1.2. ARCHIVIO DEGLI STUDI E DELLE TEORIE VS NUOVE FRONTIERE

1.2.1. Processualismo e Post-processualimo: il confronto

L'aspetto delle pratiche funerarie viene indagato in modo approfondito soprattutto a partire dagli anni '60 del secolo scorso, in seno alle teorie sviluppate dalla corrente anglofona Processualista. Il focus è concentrato sulla dimensione economica e sociale ricostruibile analizzando ogni aspetto di una sepoltura considerata come il riflesso speculare, isomorfo, dell'organizzazione del livello di strutturazione interna raggiunto dalla comunità di riferimento. L'antropologo Arthur A. Saxe scrive nella sua tesi di dottorato che «When archaeologist excavate a set of burials they are not merely excavating individuals, but a coherent social personality who not only engaged in relationships with other social personalities but did so according to rules and structural slots dictated by the large social system»95.

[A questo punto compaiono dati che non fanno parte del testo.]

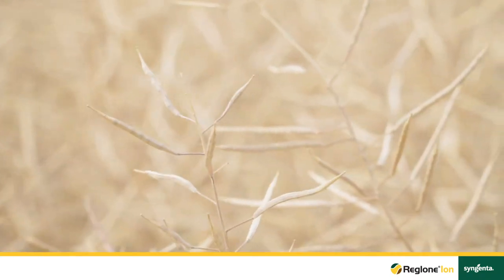Quite often we see these stems being stronger than our previous generation of varieties. That can lead to a lower efficiency especially when there are still green stems. By using Reglone Ion we can take that green color out of the stems and some of the moisture, which leads to an easier, more efficient harvest.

Alcune definizioni basilari vengono collegate, in modo diretto e indiretto, alla figura del defunto:

1- La social identity, corrispondente alla posizione sociale o status96;

2- La social persona, a rappresentare la somma delle identità sociali di un individuo, delle quali solo alcune sono ritenute dagli appartenenti al gruppo come "appropriate" nel trattamento delle spoglie del defunto97;

3- La social unit, considerata nei due caratteri di complessità strutturale e ampiezza, ovvero l'insieme sociale degli individui che riconosce una posizione di responsabilità allo status del defunto98.

Secondo gli studiosi processualisti queste dimensioni influenzano l'espressione funeraria con la conseguenza che il grado di sviluppo sociale ed economico della stessa comunità antica decreta la variabilità nel trattamento dei resti umani e nell'aspetto che il complesso funerario assume sulla base di una selezione volontaria99.

A chiarire questi principi di analisi interviene l'antropologo e storico Joseph Tainter100 che introduce un criterio di valutazione della sepoltura a corollario delle osservazioni precedenti:

4- La energy expenditure, in base alla quale più elevato è il rango del deceduto, maggiore deve essere l'impegno profuso dal gruppo nella costruzione del rito e della deposizione.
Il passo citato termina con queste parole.